DATA SHOWN:

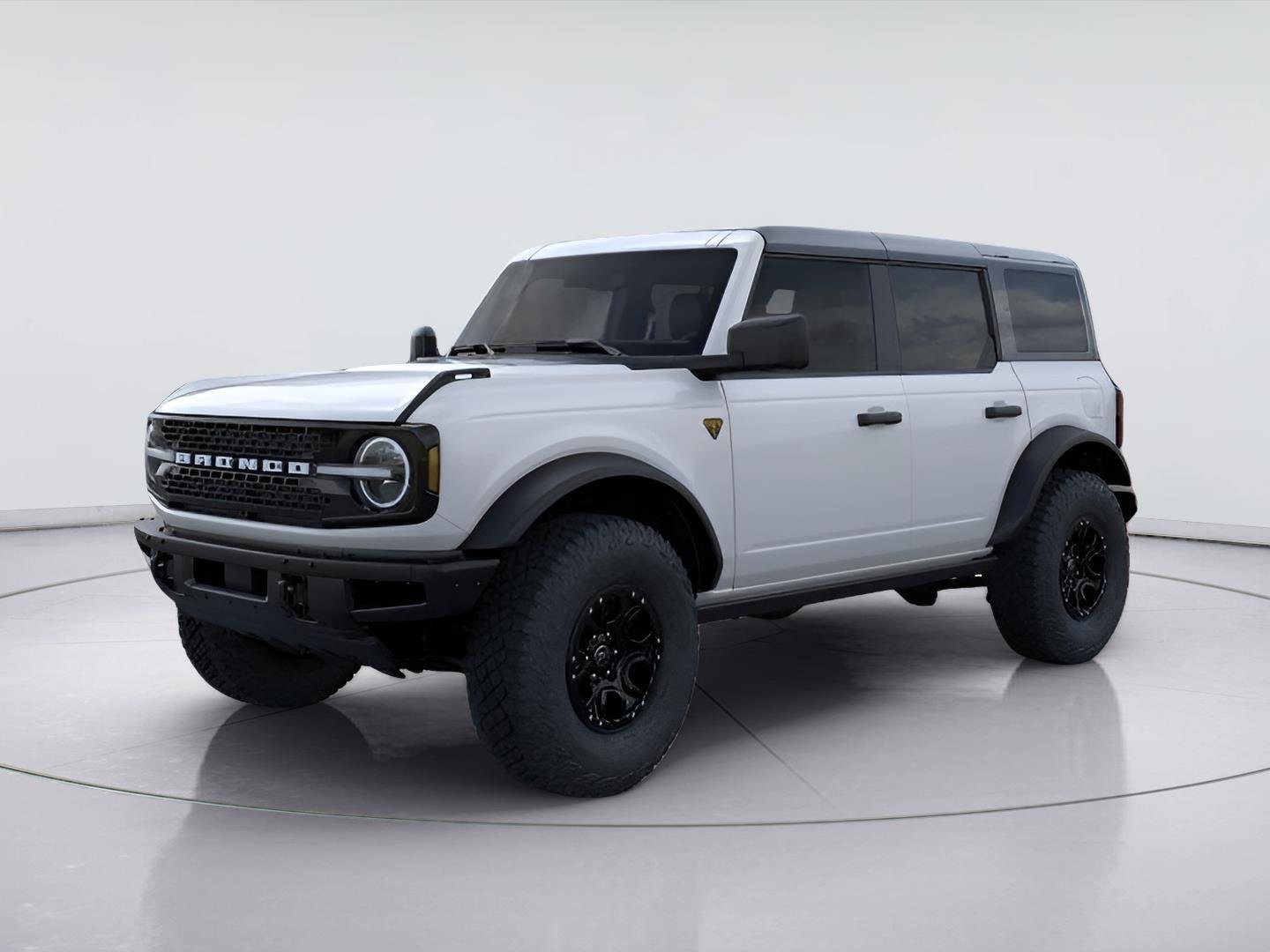 New 2026 Oxford White Ford Badlands® image 1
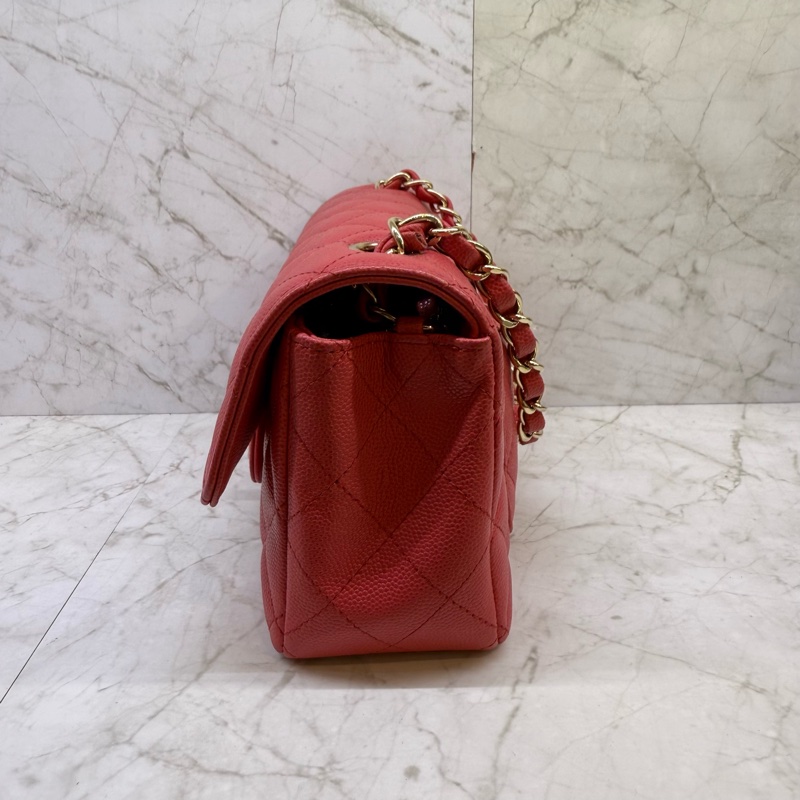 CHANEL紅金MINI COCO23-2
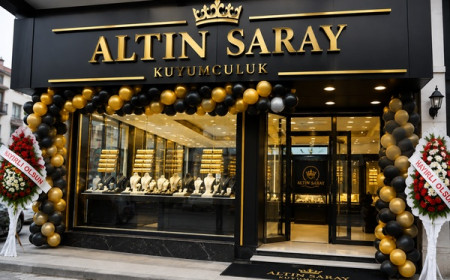 Altın Saray Kuyumculuk Rize Pazar’da yeni mağazasını açtı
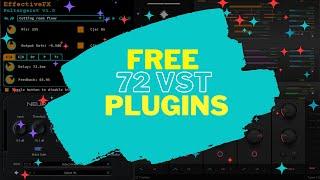 The 72 Best Free VST Plugins 2024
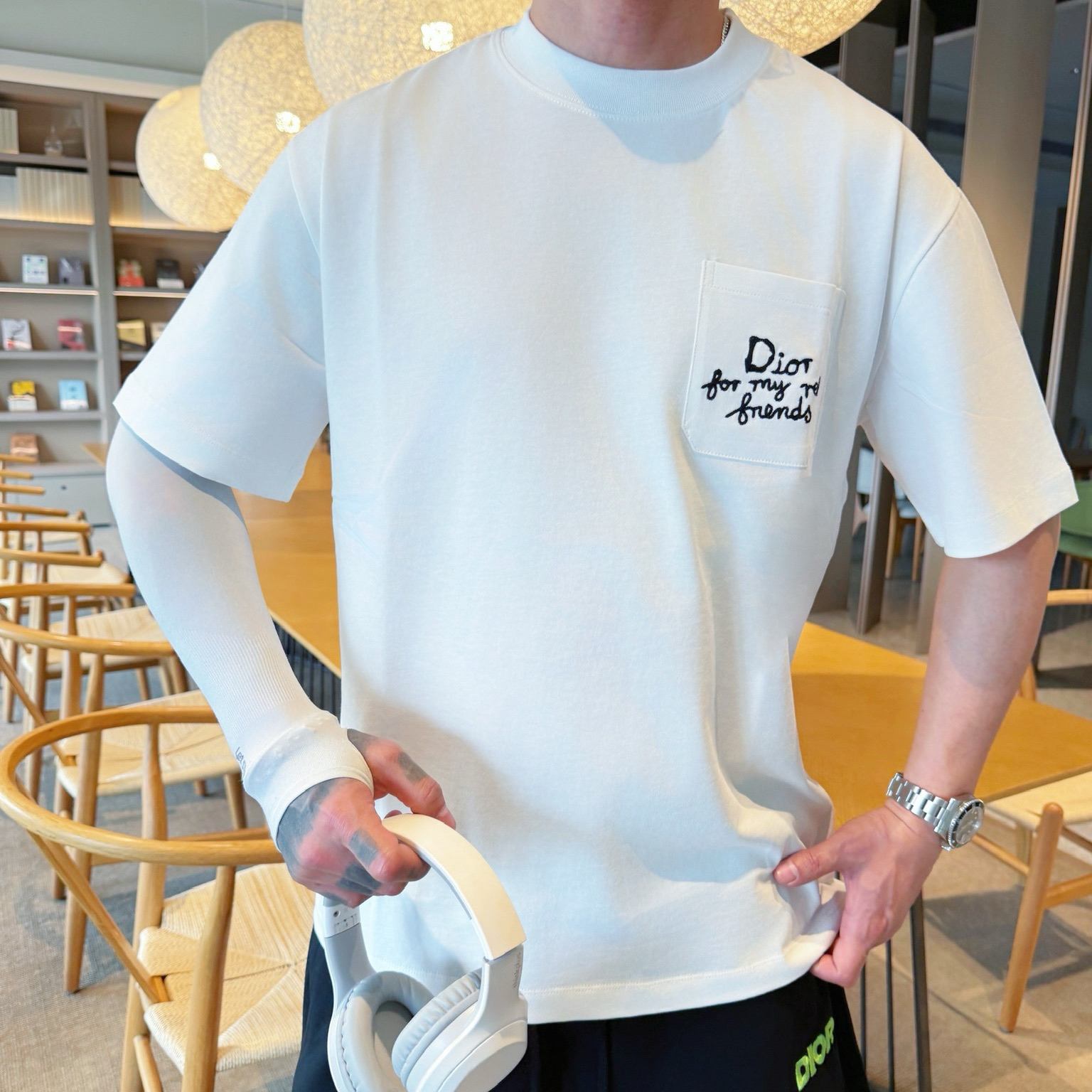 short sleeves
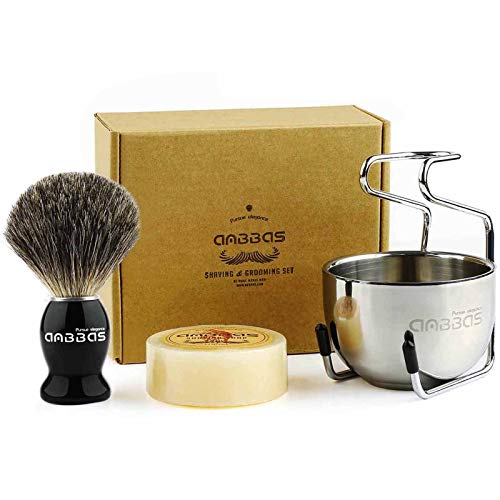 Anbbas Rasierset Luxus Herren Geschenk Set...
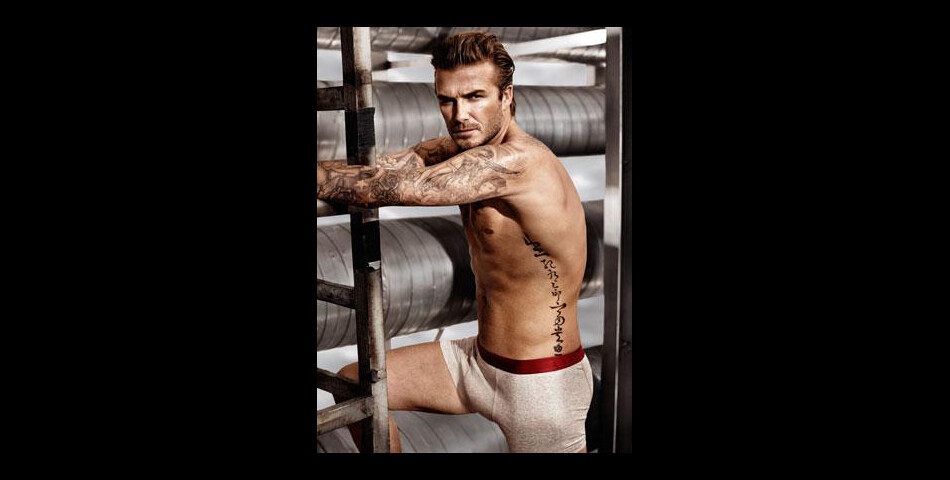 David Beckham prend la pose pour la campagne 2014 de la marque H&amp;amp;M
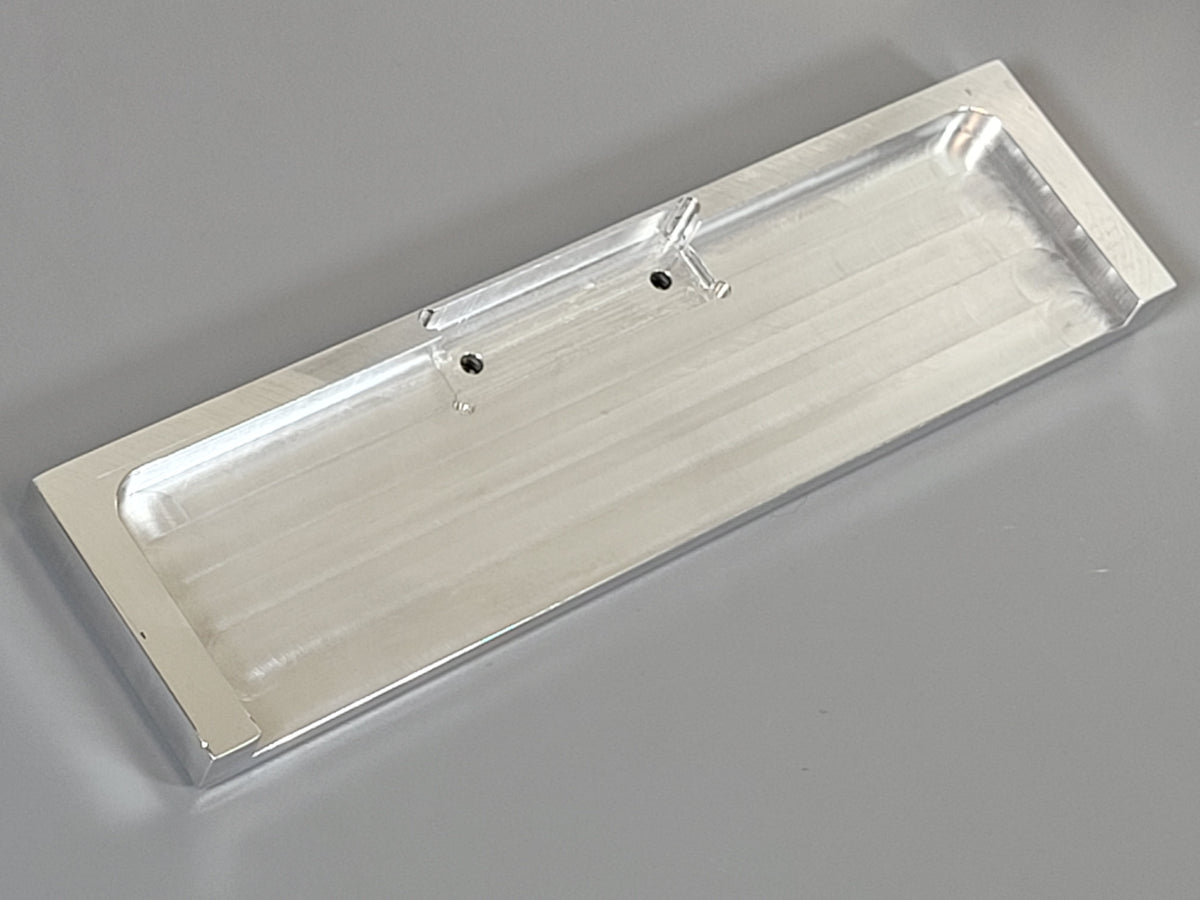 Aluminum Front Lower Curve Bumper Tamiya R/C 1/14 GlobeLiner King Hauler Grand Hauler Knight Hauler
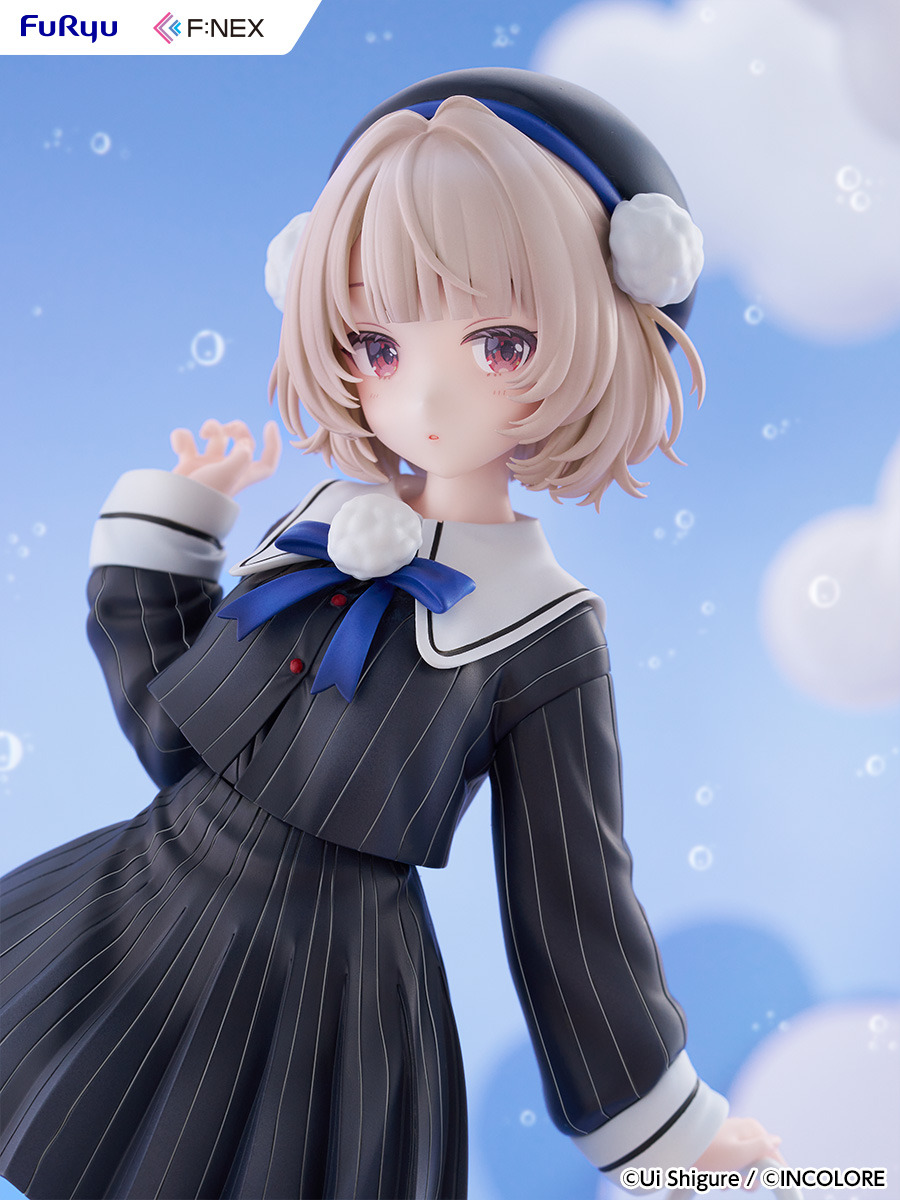 しぐれうい」のもう1つの姿「雨衣」がフィギュア化！差し替えパーツの
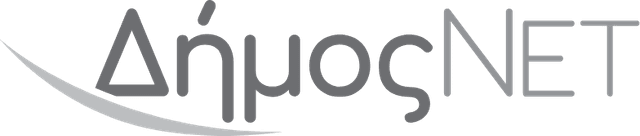 Λογότυπο ΔήμοςNET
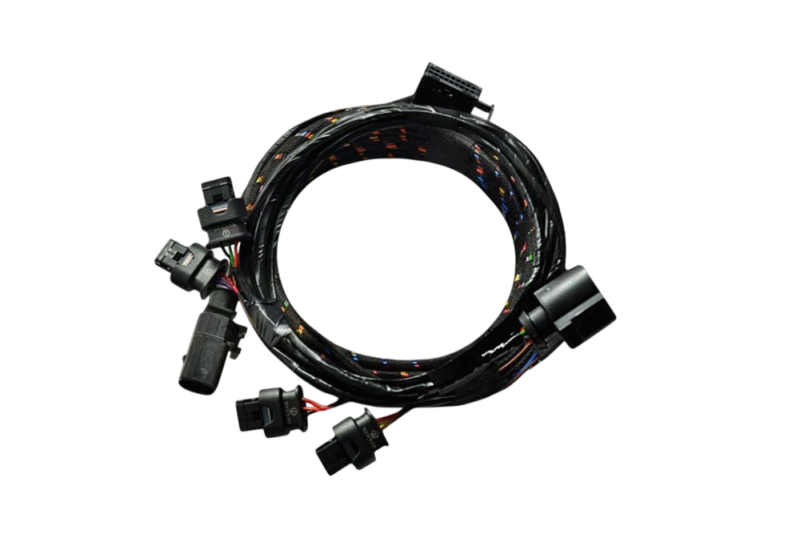 Genuine Skoda OEM Retrofit Kit - OPS Parking Sensors – Front Only – ( Wiring Harness ) – Control Module – OCTAVIA 5E Facelift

HOW TO COMPLETE THIS TASK:
Everything from the line with "Altın Saray Kuyumculuk" through the end of the records above, both ends included, is to be reproduced exactly, and nothing outside that span; the pictures are to be dropped.

THE ANSWER:
 Altın Saray Kuyumculuk Rize Pazar’da yeni mağazasını açtı
 The 72 Best Free VST Plugins 2024
 short sleeves
 Anbbas Rasierset Luxus Herren Geschenk Set...
 David Beckham prend la pose pour la campagne 2014 de la marque H&amp;amp;M
 Aluminum Front Lower Curve Bumper Tamiya R/C 1/14 GlobeLiner King Hauler Grand Hauler Knight Hauler
 しぐれうい」のもう1つの姿「雨衣」がフィギュア化！差し替えパーツの
 Λογότυπο ΔήμοςNET
 Genuine Skoda OEM Retrofit Kit - OPS Parking Sensors – Front Only – ( Wiring Harness ) – Control Module – OCTAVIA 5E Facelift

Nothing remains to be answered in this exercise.